The generation quality is quite bad still, but it does look like we’re still marginally improving.
PROMPT: ': in what circumstances then? must it not be in the most honourable? now such is death in war, because it is death in the'
OUTPUT: 'world, in which he has to do with that of a man who has been to the mind in his own nature, and as the predicate of a thing, and which is not so much as to think. It is a true cause. It is, that the whole in the United States are an objective reality, and is only in the mind (II. xiii.. and therefore (III. xi. not'
Now let’s try 4 blocks:
main | INFO | 2026-02-19 19:54:34 | starting training:
n_params=23.1M, n_batches=3548, batch_size=4096, context_length=33, tokens_per_batch=135.2K, total_tokens=1.4B
main | INFO | 2026-02-19 19:55:00 | {'batch': '100/3548', 'epoch': '1/3', 'tokens_seen': '13.5M', 'attn_entropy': {0: [nan, nan, nan, nan], 1: [nan, nan, nan, nan], 2: [nan, nan, nan, nan], 3: [nan, nan, nan, nan]}, 'batch_time_ms': 227.23, 'train_loss': nan, 'train_ppl': nan, 'val_loss': -inf, 'val_ppl': 0.0}
Shit.
Well the attention masks are ‘blowing up’ again. Fortunately, we’ve seen this before. Recall the single-head attention post last time, when we tried doing attention without the \(\sqrt{d}\) scaling. What happened? The variance in the last dimension (ie per-row,per-position) was too high, and so one entry dominated the softmax, killed the gradient flow, and ruined our model. The fix was to normalize down to unit variance by dividing by the standard deviation.

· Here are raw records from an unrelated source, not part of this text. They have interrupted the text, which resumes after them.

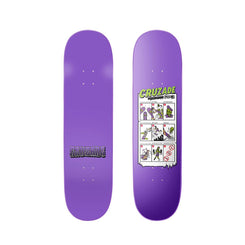 Lessons V x31.89" Square High Cruzade Skateboard Deck - 8.5"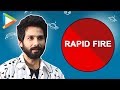 Hrithik Roshan ya Tiger Shroff - Shahid Kapoor decides the better DANCER | RAPID FIRE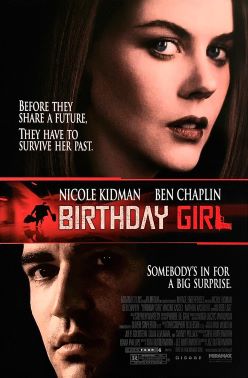 Birthday Girl poster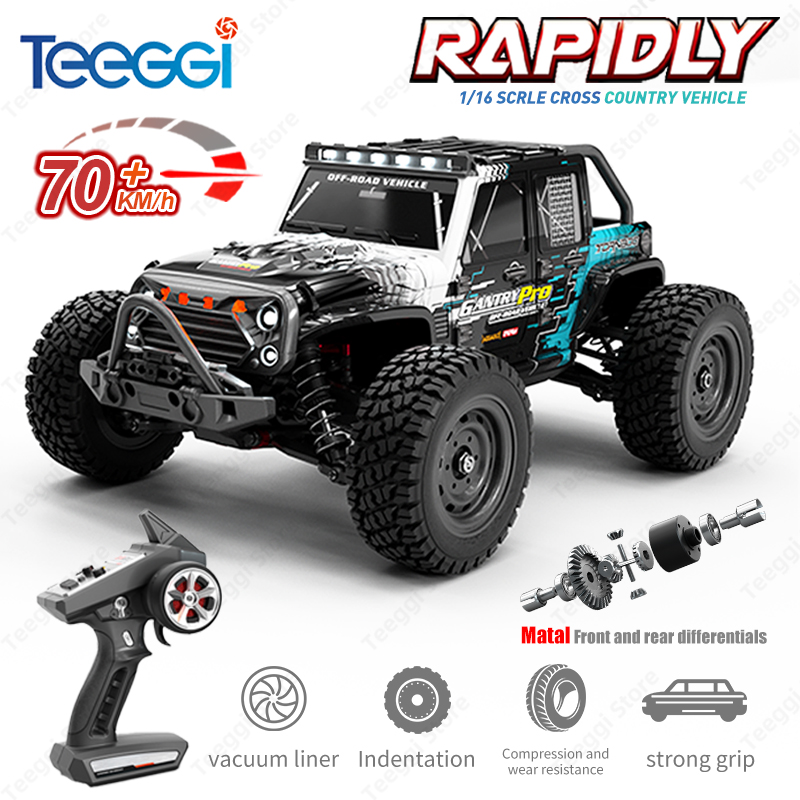 Teeggi 16103 PRO 4WD 70KM/H RC - Kids Toys Delivery Today avaliação e preço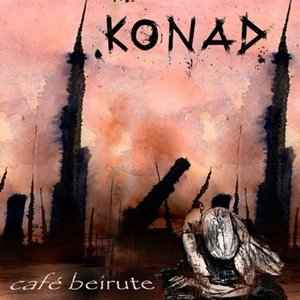 Konad - Café Beirute album cover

Is the same thing happening here? Does the same fix work?
If we simply assume a mean of zero (it turns out that our residual stream does tend to center around zero), then the scaling factor is just:
\[\sqrt{\frac{1}{d}\sum_{i=1}^d x_i^2}\]
The right hand side is just there to illustrate that the scaling factor is roughly \(1\) (ie does little) if our input is already unit variance. The intuition is roughly:
\[\mathbb{E}[||x||_2^2] = \mathbb{E}\left[\sum_{i=1}^d x_i^2\right] = \sum_{i=1}^d \mathbb{E}[x_i^2] = \sum_{i=1}^d 1 = d \implies \mathbb{E}[||x||_2] \approx \sqrt{d}\]

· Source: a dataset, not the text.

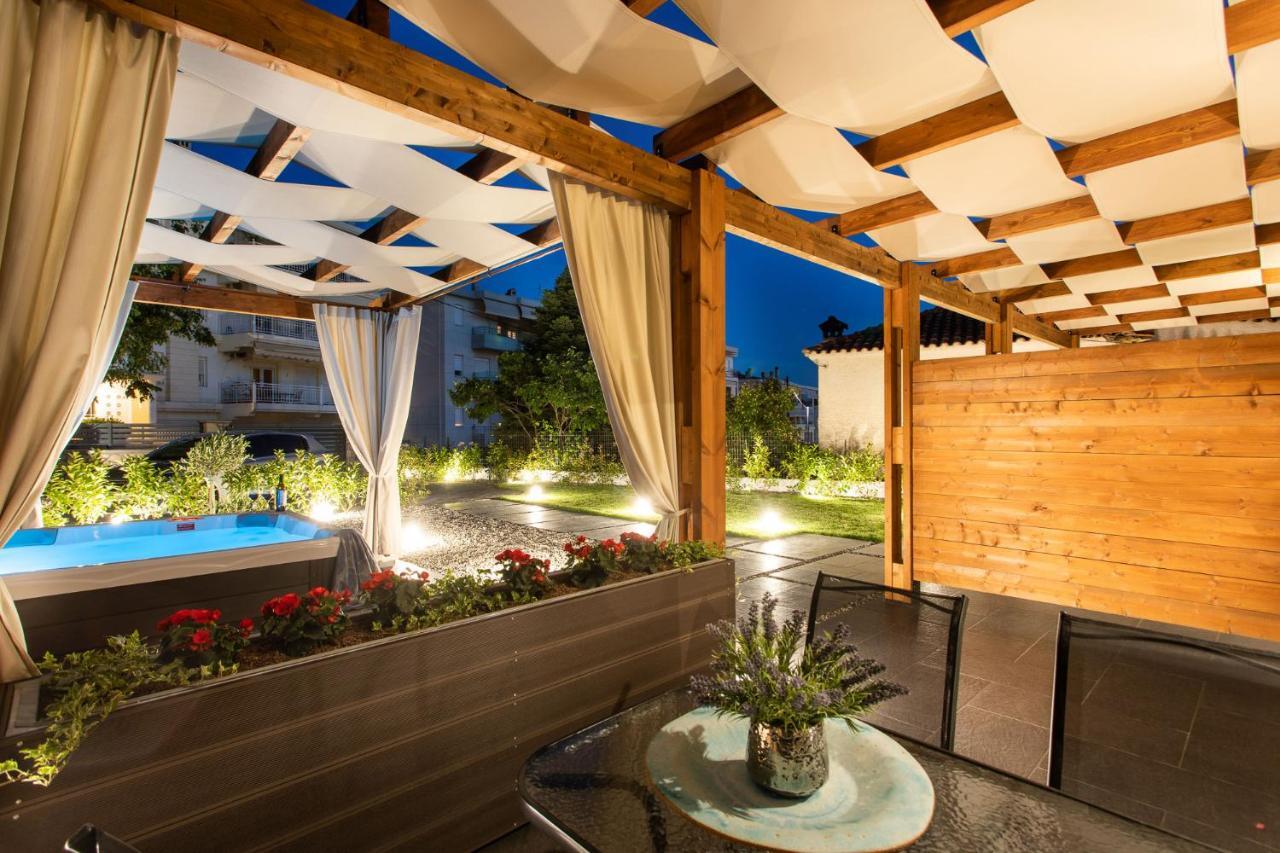 קאלאבאקה Meteora Boutique Villa A מראה חיצוני תמונה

Hence our scaling factor here is something like \(\sqrt{d}/\sqrt{d} = 1\)
In other words, if the residual stream is already nice, we’re not doing anything. If the residual stream has a huge variance, we’re normalizing it.
There are two remaining issues with this potential fix.

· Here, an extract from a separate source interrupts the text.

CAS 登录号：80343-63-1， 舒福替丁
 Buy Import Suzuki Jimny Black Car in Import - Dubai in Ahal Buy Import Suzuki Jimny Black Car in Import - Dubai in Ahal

First, if \(x\) is near zero, we’re going to encounter numerical instability. The fix is to add some \(\varepsilon \approx 0.000001\) inside the square root.
Second, we’re adding inductive bias here. It’s true that we do not want high variance in our residual stream, but also we’re scaling it in a very particular way. To let the model choose how to re-scale after normalization, we can add an elementwise multiplication by some learned parameter \(\gamma \in \R^d\).
We call this ‘rescaling’ RMSnorm (root mean square) and the final form is this: \[ \mathrm{RMSnorm}(x) = \gamma \odot \frac{x}{\sqrt{\varepsilon + \frac{1}{d}\sum_{j=1}^d x_j^2}} \]
The operation is broadcasted across the rows of \(x\). We apply it not to the main residual stream, but to the inputs of each attention and MLP block.
In code:
class RMSNorm(nn.Module):
def __init__(self, d):
super().__init__()
self.gamma = nn.Parameter(torch.ones(d))
def forward(self, x: torch.Tensor):
rms = torch.sqrt(torch.mean(x ** 2, dim=-1, keepdim=True) + 1e-6)
return self.gamma * (x / rms)
class TransformerBlock(nn.Module):
def __init__(self, n, d, h, d_k, mlp_dh, mlp_depth):
super().__init__()
self.attention = MultiHeadAttention(n,d,h,d_k)
self.mlp = MLP(d, mlp_dh, mlp_depth)
self.rms1 = RMSNorm(d)
self.rms2 = RMSNorm(d)
def forward(self, x: torch.Tensor):
x = x + self.attention(self.rms1(x))
return x + self.mlp(self.rms2(x))And the results are good! Running the network with this change gets
us a validation ppl of 50.369 on the same set we’ve been
using for a while now. In fact, this is the best we’ve managed to
do!
And at this point… we have the transformer! It’s worth noting that the version we’re running here was the version that we’ve pieced together over the course of the post. This means we’re doing some ‘non-standard’ things. To name a few: still using vanilla SGD, using 3 layers in the MLP blocks, using RMSnorm before the attention/mlp blocks instead of e.g. layer norm after, probably using some suboptimal hyperparameters, (fairly arbitrary hidden size in the mlp), etc…
The reason for these changes from the Attention Is All You Need version is because it seemed more pedagogically tractable/honest to go this route.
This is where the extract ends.